In other words, and unless you’re filthy rich and without a financial concern in the world, you are understandably concerned about personal finances. It’s only logical that, as you set a new plan going forward following marital dissolution, you want to ensure some degree of financial certainty and independence.
That focus is common for people involved in the divorce process, and it is certainly healthy thinking to be considering assets and proactively developing a plan centered on post-divorce financial freedom.
In fact, a high percentage of all divorces centrally involve property division considerations. Prior to divorce, many marriages have lasted for years, if not decades. Over that span of time, money often finds its way into bank accounts, investment portfolios and company-sponsored savings vehicles.
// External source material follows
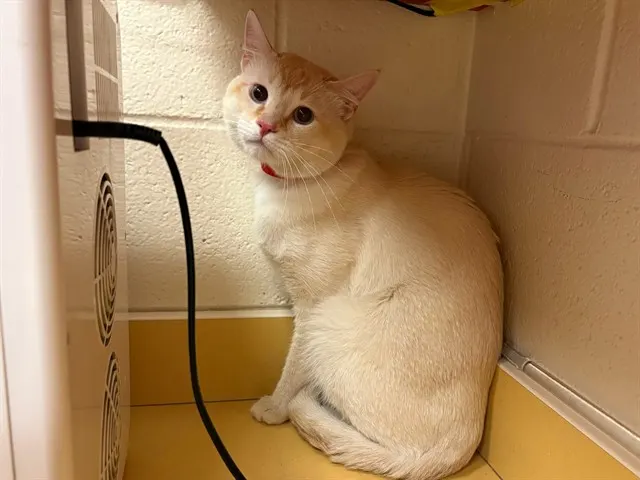 Gato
Homes are purchased, as are automobiles, furnishings, art work, jewelry and additional items of real and personal property.
In Pennsylvania, an equitable division of marital property is often at the core of divorce negotiations. A fair and rational accounting of assets requires that they first be accurately identified, characterized as either non-marital or marital property and properly valued.
Accomplishing those goals is often a complex and painstaking endeavor that requires the central input and close scrutiny of a proven family law attorney with deep experience in matters relating to property division.
A contributor in a recent media article on divorce-related asset protection and division makes reference to “the right attorney” for this important job.
That professional will be, the writer states, a lawyer “who helps you understand your goals … and who creates a plan to get your there.”